---
source: arxiv
url: http://arxiv.org/abs/2603.10712v1
published_at: '2026-03-11T12:39:55'
authors:
- Xiaoxu Xu
- Hao Li
- Jinhui Ye
- Yilun Chen
- Jia Zeng
- Xinyi Chen
- Linning Xu
- Dahua Lin
- Weixin Li
- Jiangmiao Pang
topics:
- vision-language-action
- world-model
- generalist-robot-policy
- sim2real
- robot-manipulation
relevance_score: 0.98
run_id: materialize-outputs
language_code: en
---

# FutureVLA: Joint Visuomotor Prediction for Vision-Language-Action Model

## Summary
FutureVLA targets the “future awareness” problem in robot Vision-Language-Action models, learning a joint visuomotor representation that combines visual constraints and action dynamics at the same time. The core idea is to first learn visual and motor-control information separately, then recombine them through gated interaction, and distill this future prior into downstream VLAs.

## Problem
- Existing VLAs try to incorporate future supervision, but common approaches either reconstruct future frames, which easily wastes capacity on task-irrelevant visual details, or only use sparse frame pairs, which breaks the continuous-time structure that robot actions should naturally have.
- This causes the representation to be dominated by static scene appearance, making it hard to truly capture the joint visuomotor relationship of “how environmental geometry constrains action execution.”
- This problem matters because robot control must not only observe the present but also predict action consequences; if future modeling is inaccurate, long-horizon and contact-rich tasks are more likely to fail.

## Approach
- Proposes a two-stage framework, **FutureVLA**: first joint visuomotor pretraining, then downstream VLA post-training alignment.
- During pretraining, the input is continuous multi-frame video clips rather than sparse frame pairs; a frozen 3D-VAE is first used to compress videos into temporal tokens, preserving dynamic information while reducing redundancy.
- Designs **Joint Visuomotor Gating (JVG)**: the representation is split into a visual stream and an action stream.

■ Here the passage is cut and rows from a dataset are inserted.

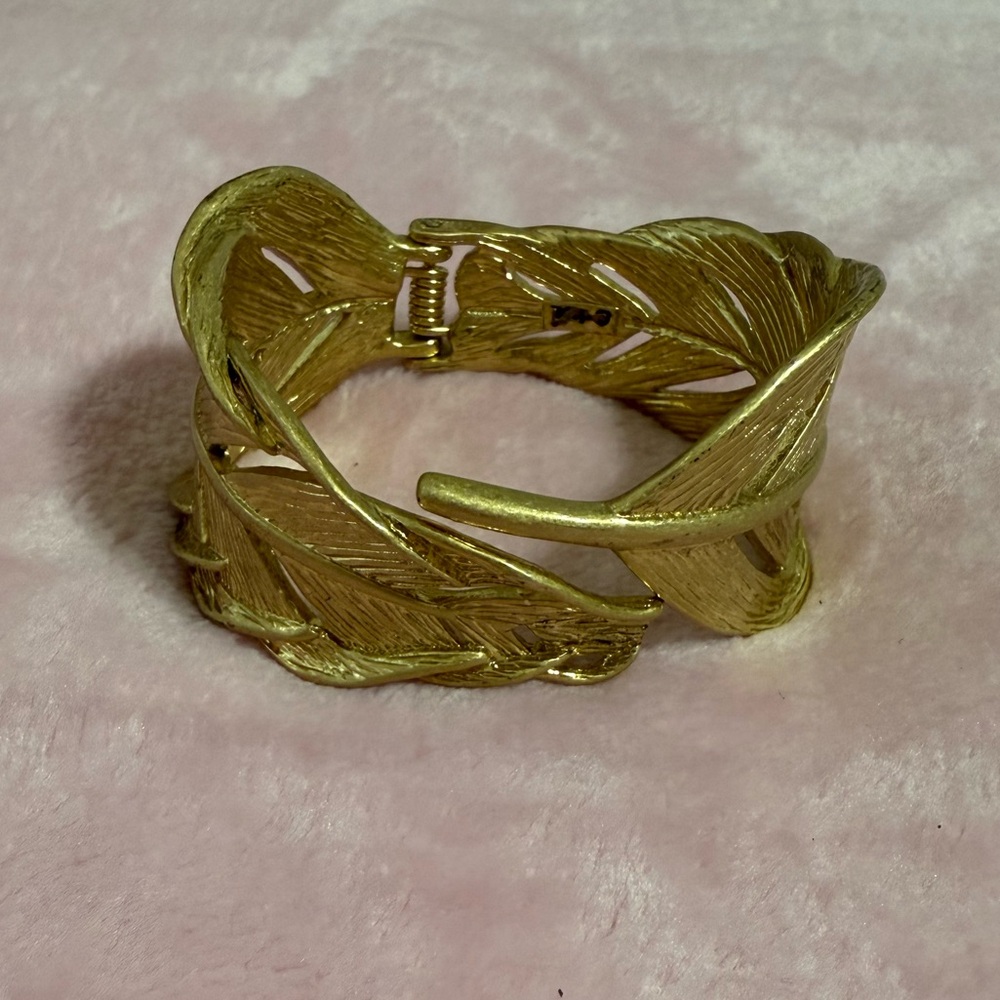 Chloe + Isabel Sculpted Feather Hinged Cuff Bracelet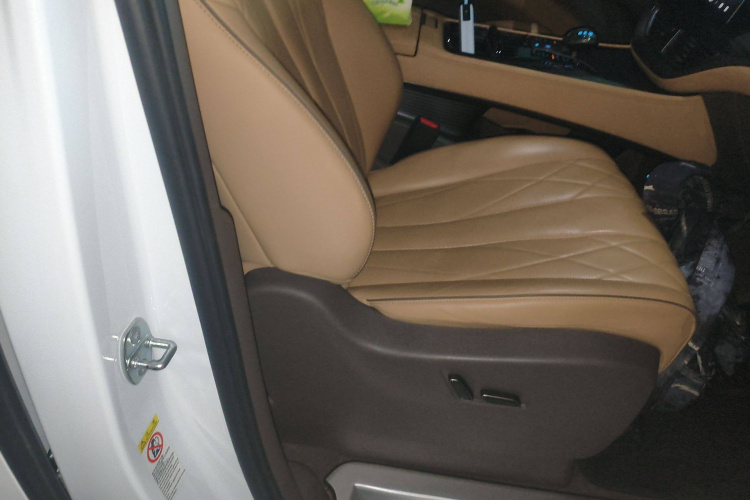 腾势D9 2022款 DM-i 970 四驱旗舰型局部细节41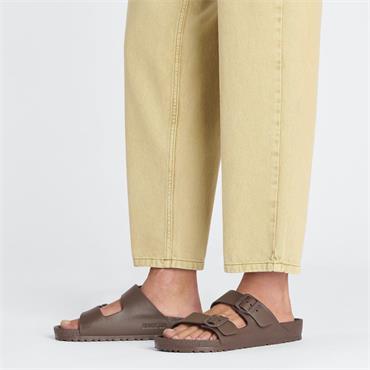 BIRKENSTOCK WOMENS ARIZONA SANDAL - ROAST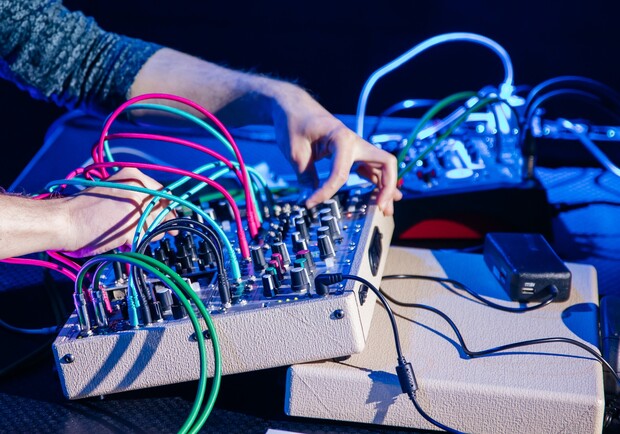 Modular live performance - фото: facebook.com/yalivec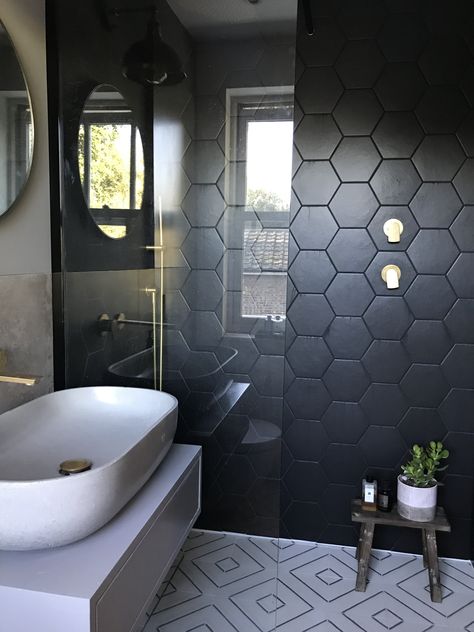 Bathroom With Black Hexagon Tile, Black Tile Restroom, Black Hex Tile Shower Wall, Modern Black Master Bath, Dark Bathroom Tiles Ideas, Modern Black Tile Bathroom, Bathroom Black Wall Tile, Dark Shower Bathroom Ideas, Shower Tile Ideas 2023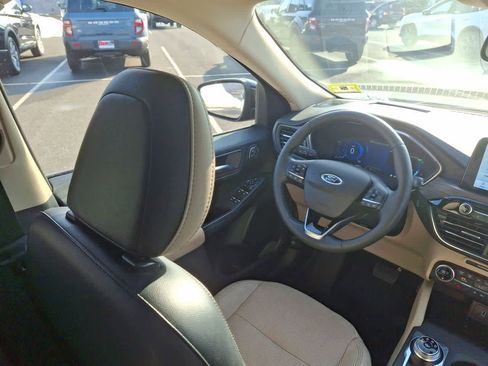 Certified 2020 Ford Escape Titanium w/ Titanium Premium Package 2.0 image 15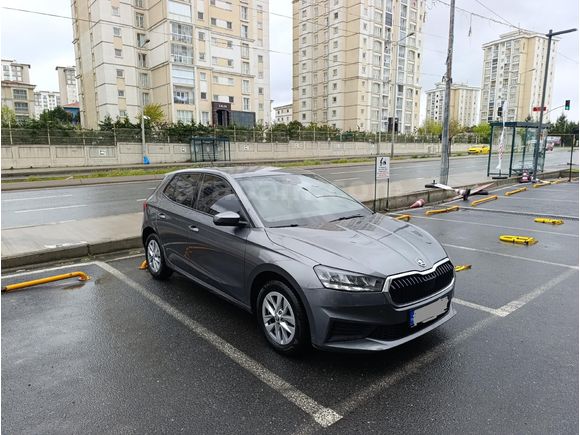 Sahibinden Skoda Fabia 1.0 TSI Elite 2023 Model  72.500 km Gri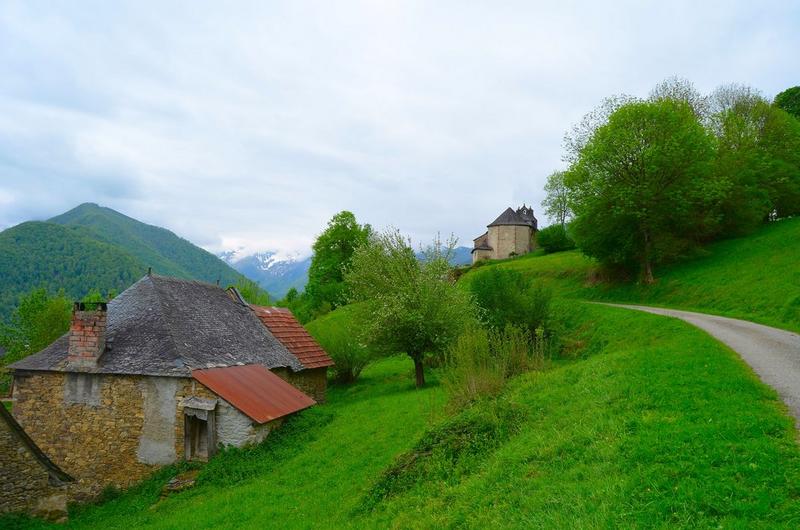 vue générale de l'église dans son environnement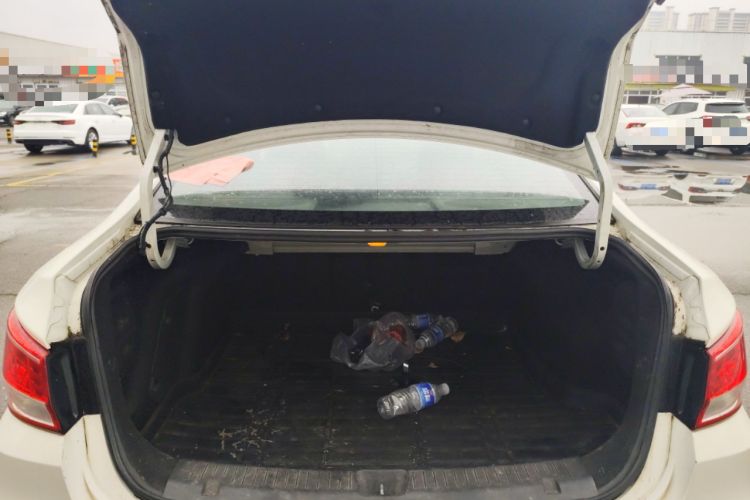 Used Haima Fumei 2014 M5 1.6L Manual Elite Model Trunk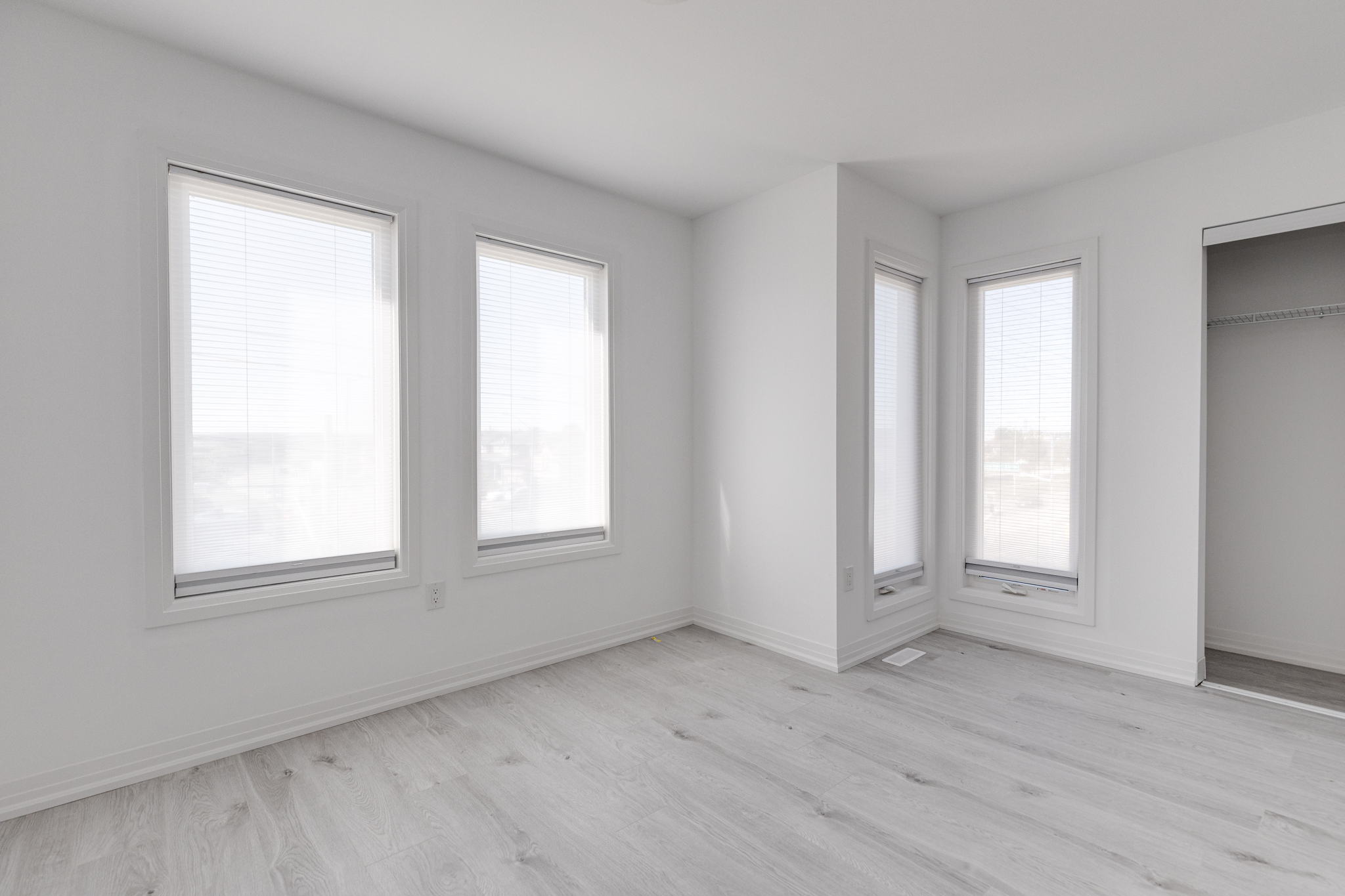 Barrie property showcase — delivered property photograph 31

The visual stream is only responsible for preserving initial scene information; the action stream is only responsible for predicting continuous action chunks, thereby reducing “visual dominance.”
- The action stream queries spatial/geometric constraints from the visual stream on demand through gated cross-attention, effectively meaning “the action decides how to move, while vision determines under what constraints it moves,” ultimately forming joint visuomotor embeddings.
- During post-training, the downstream VLA inference structure is not modified; instead, only a lightweight adapter is used to align intermediate VLA representations to these joint visuomotor embeddings, allowing single-frame-input VLAs to internalize future dynamic priors; the paper also shows compatibility with OFT-style and GR00T-style action heads.

## Results
- The paper claims an average improvement of **11.4%** on **SimplerEnv** and **21.7%** on **real robots** (relative to the baseline “without joint visuomotor embedding guidance”).
- Under **Google robot / SimplerEnv / Visual Matching**, **FutureVLA-GT** averages **80.1**, higher than **GR00T-N1.5 35.2**, an absolute gain of **44.9**; **FutureVLA-OT** averages **77.6**, higher than **OpenVLA-OFT 47.5**, a gain of **30.1**. Among them, **Put in Drawer** improves from **7.4** to **85.2** (GT).
- On **WidowX / SimplerEnv**, **FutureVLA-GT** averages **71.9**, higher than **GR00T-N1.5 61.9**, **UniVLA 47.9**, and **Villa-X 40.8**; **FutureVLA-OT** is **63.6**. The paper also reports in ablations that after introducing JVPM guidance, both architectures improve by an average of **9.4** points over their respective **wo/ JVPM** versions (GT: **62.5→71.9**, OT: **54.2→63.6**).
- On **LIBERO**, **FutureVLA-GT/OT** average **98.3/98.2**, outperforming **UniVLA 95.2**, **pi_0 94.2**, and **GR00T-N1.5 93.9**. On the long-horizon **Long** subset, **FutureVLA-GT 96.0**, higher than **UniVLA 92.0**, **pi_0 85.2**, and **WorldVLA 60.0**.
- On four tasks with a **real Franka robot**, **FutureVLA-GT** achieves an average success rate of **70.0%**, **26.7%** higher than **pi_0**. The abstract also emphasizes a significant **21.7%** gain over the baseline in real-world manipulation, especially on continuous-control/contact-rich tasks (such as whiteboard erasing).

## Link
- [http://arxiv.org/abs/2603.10712v1](http://arxiv.org/abs/2603.10712v1)